TSA-Net: Tube Self-Attention Network for Action Quality Assessment
This addresses the problem of accurately evaluating action quality in videos for applications like sports analysis, though it appears incremental by building on existing video networks.
The paper tackles action quality assessment in videos by proposing TSA-Net, which integrates a Tube Self-Attention Module to generate spatio-temporal context efficiently, achieving state-of-the-art performance on datasets like AQA-7 and MTL-AQA.

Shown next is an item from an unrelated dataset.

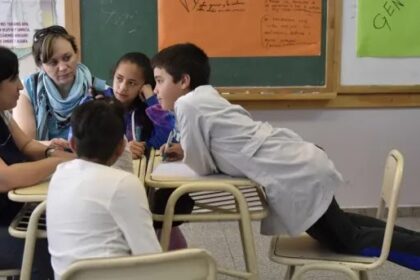 El Concejo Deliberante aprueba capacitación obligatoria en neurodiversidad para docentes y estatales | FM Avenida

In recent years, assessing action quality from videos has attracted growing attention in computer vision community and human computer interaction. Most existing approaches usually tackle this problem by directly migrating the model from action recognition tasks, which ignores the intrinsic differences within the feature map such as foreground and background information. To address this issue, we propose a Tube Self-Attention Network (TSA-Net) for action quality assessment (AQA). Specifically, we introduce a single object tracker into AQA and propose the Tube Self-Attention Module (TSA), which can efficiently generate rich spatio-temporal contextual information by adopting sparse feature interactions. The TSA module is embedded in existing video networks to form TSA-Net. Overall, our TSA-Net is with the following merits: 1) High computational efficiency, 2) High flexibility, and 3) The state-of-the art performance. Extensive experiments are conducted on popular action quality assessment datasets including AQA-7 and MTL-AQA. Besides, a dataset named Fall Recognition in Figure Skating (FR-FS) is proposed to explore the basic action assessment in the figure skating scene.